On working with Joaquin Phoenix on his character's physicality

"Kind of early on, Joaquin let me know that actually his shoulder — I think from birth, he has kind of a messy shoulder. And he's probably spent a lot of time trying to hide it or stand up straight so that he can twist his body around. He said, 'Do you think it'd be alright if I do this?' And I said, 'Sure, great.'

"But a couple days into the film, he was feeling more comfortable and just kept sliding into this skin, that he was doing these movements that were so incredible. I just didn't want to jinx anything and say, 'What are you doing?' or 'What's going on?' You're in the middle of make-believe — you don't want to break the spell. You just want to watch him do whatever he's doing.

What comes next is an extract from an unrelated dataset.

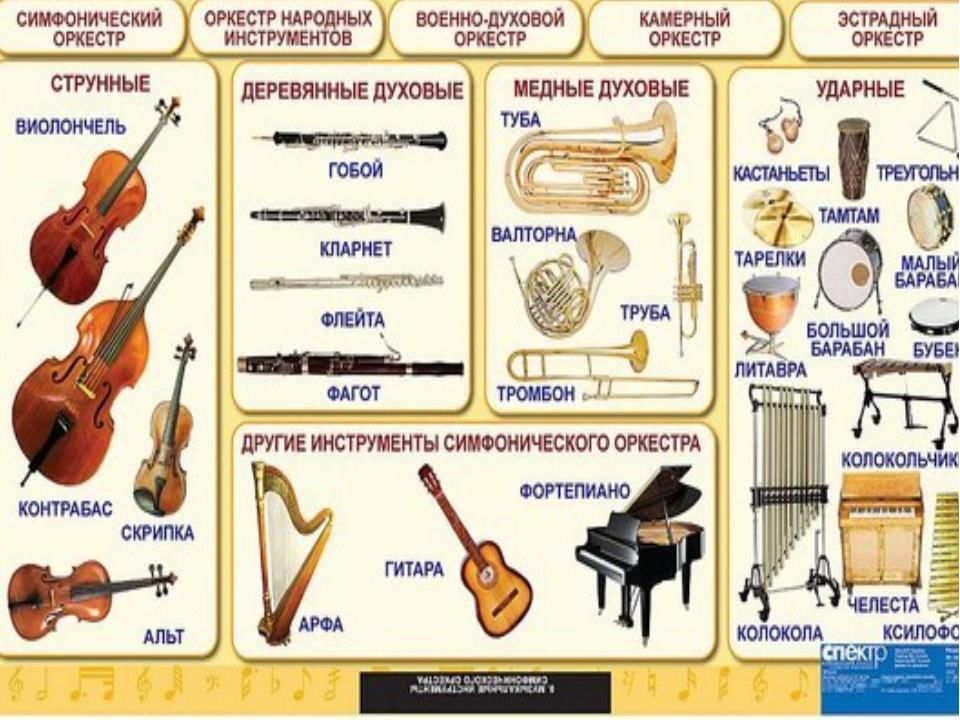 Инструменты композитора. Струнные смычковые деревянные духовые медные духовые ударные. Симфонический оркестр инструменты названия. Инструменты входящие в состав симфонического оркестра. Инструменты ссимфонического оркестр.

"I have my own theories about it, because [Phoenix's character] puts his hands on his hips — sort of stuff about his kidneys being torn up from the war. Maybe something happened. Maybe it's just easier. Maybe it's comfortable for him to reach back and hold his kidneys and help him stand. But then again, yeah, there's always that thing — the way someone holds himself is an extension of what's going [on] with them on the inside. And I buy that too, for sure."

On the war stories that inspired scenes in the film

"One of the stories in the film comes from Jason Robards, who famously fought in the war, was in the Navy. ... I worked with him on Magnolia. And he told me the story of coming back. I don't remember what boat he was on, but he was coming back, and V-J Day was announced, and they'd run out of booze. And they broke into the torpedoes and drank booze [i.e, fuel] out of there. And the way he tells it, he woke up the next morning on the mast of the ship, and an inch either way he would have fallen to his death. And that story just stuck with me as a great story ... something to get into the film.

"I think the idea with ethanol is, you put just a few drops and then squeeze as many coconuts or papaya or whatever you've taken back with you from the island; sort of 99 percent juice and maybe 1 percent ethanol. You'll get [a] pretty good buzz."

On shooting on 65mm film

"It's a different film, so it's a different feeling. It's really that simple, but ultimately ... you know a 35mm camera, they're small. I mean you can be as small as a little speaker that I'm looking at here, sort of no bigger than a laptop. Some of these cameras are teeny. And with 65mm cameras you are limited, because they're incredibly large, and they're loud, and you can't fling them around or put them on a Steadicam. You can put them on your shoulder if have a really good chiropractor or masseuse.

"So they're limiting in that way, but that was good for us. We were trying to be straightforward and simple and old-fashioned. And loud — they're very loud. You can hear bzzzzzzz."

On loving the ocean

"I remember as a kid going to Pearl Harbor, and they have that monument you can go to, and it made such an impression on me. You sort of look down into the water. You see fishes moving around, and you have to think about what happened there and all those bodies ... and all these kinds of things that have gone in that water. It's a thought that always sticks with me when I do go into the ocean when I go swimming — all that's happened and all that's beneath the surface, and things coming and going. I don't know — it gets you in a good place of thinking about things in a wider way."